Brief: All the data below goes into the copy word for word, but the pictures don't.

***** Stored data *****

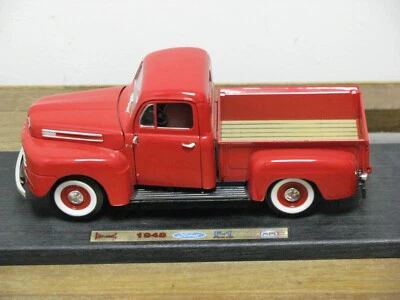 Ford F-1 1948 camioneta Road Legends 50 aniversario modelo de coche de stock Foto 1 de 4
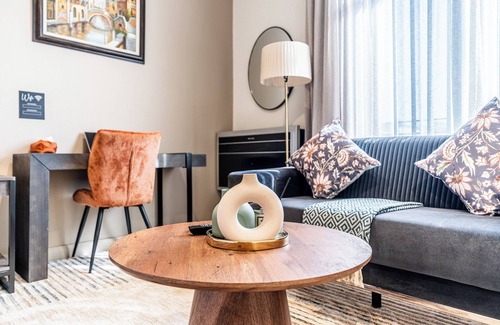 Menlyn Apartamento | Luxury Studio Apartment in Menlyn Maine, free parking, 24/7 concierge - 137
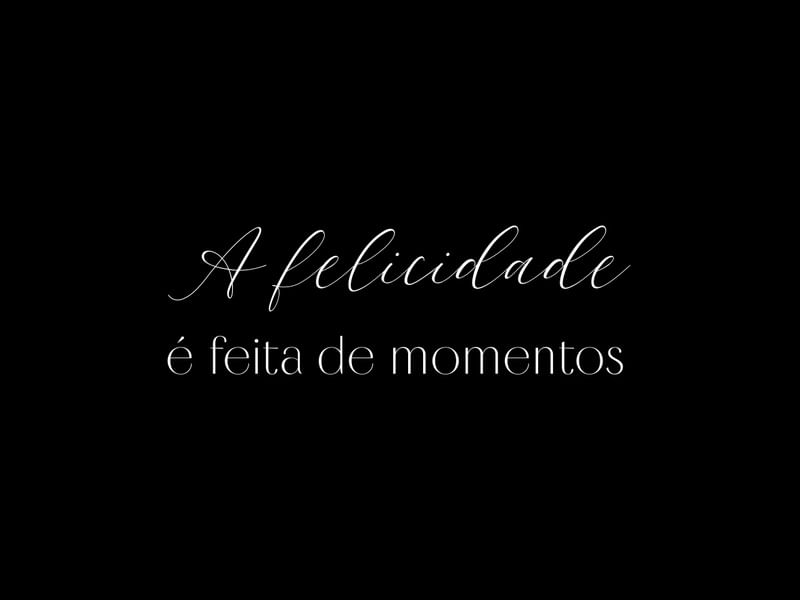 A FELICIDADE MORA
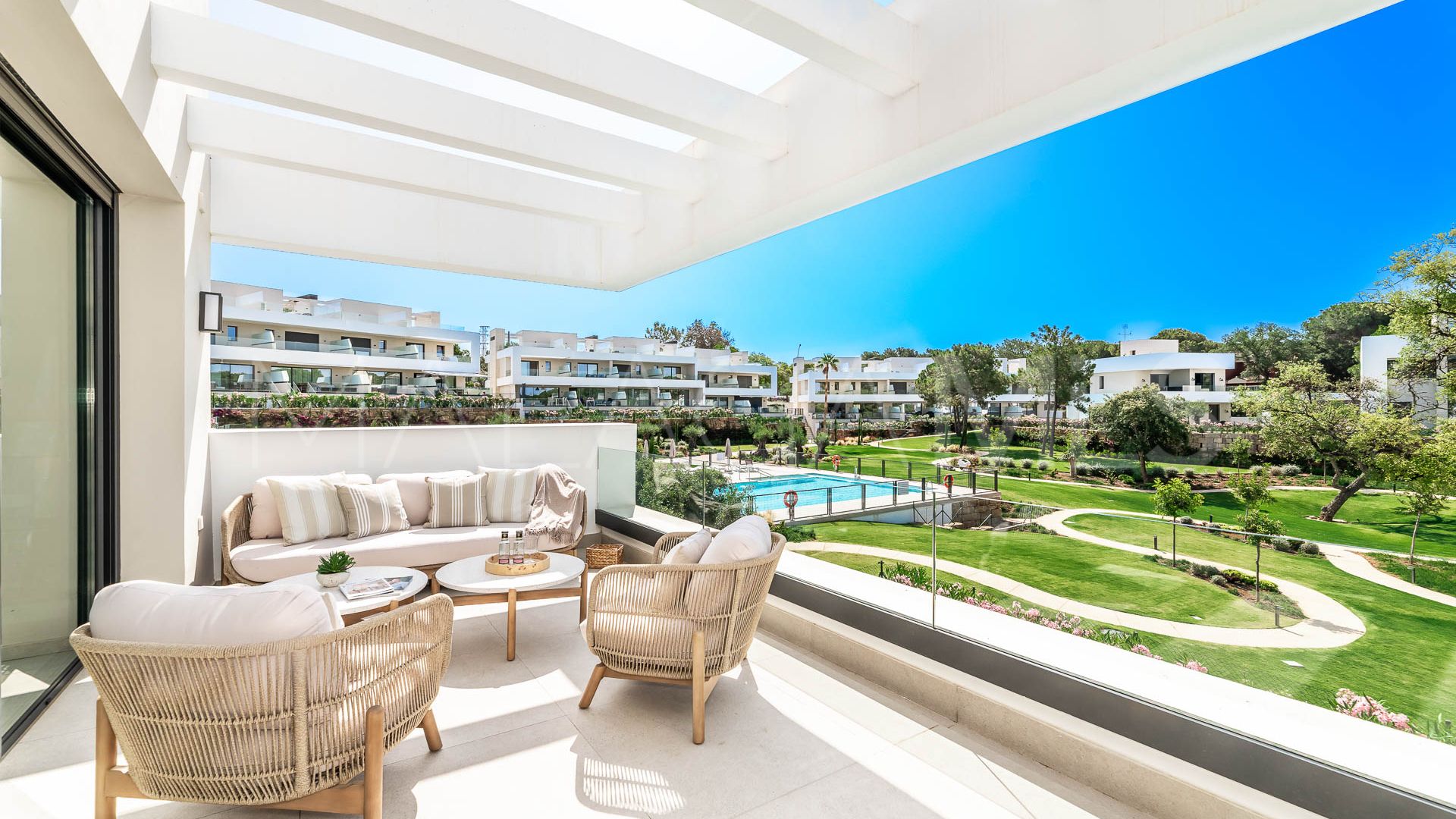 Villa for sale in Elviria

*****

Result for this exercise:
 Ford F-1 1948 camioneta Road Legends 50 aniversario modelo de coche de stock Foto 1 de 4
 Menlyn Apartamento | Luxury Studio Apartment in Menlyn Maine, free parking, 24/7 concierge - 137
 A FELICIDADE MORA
 Villa for sale in Elviria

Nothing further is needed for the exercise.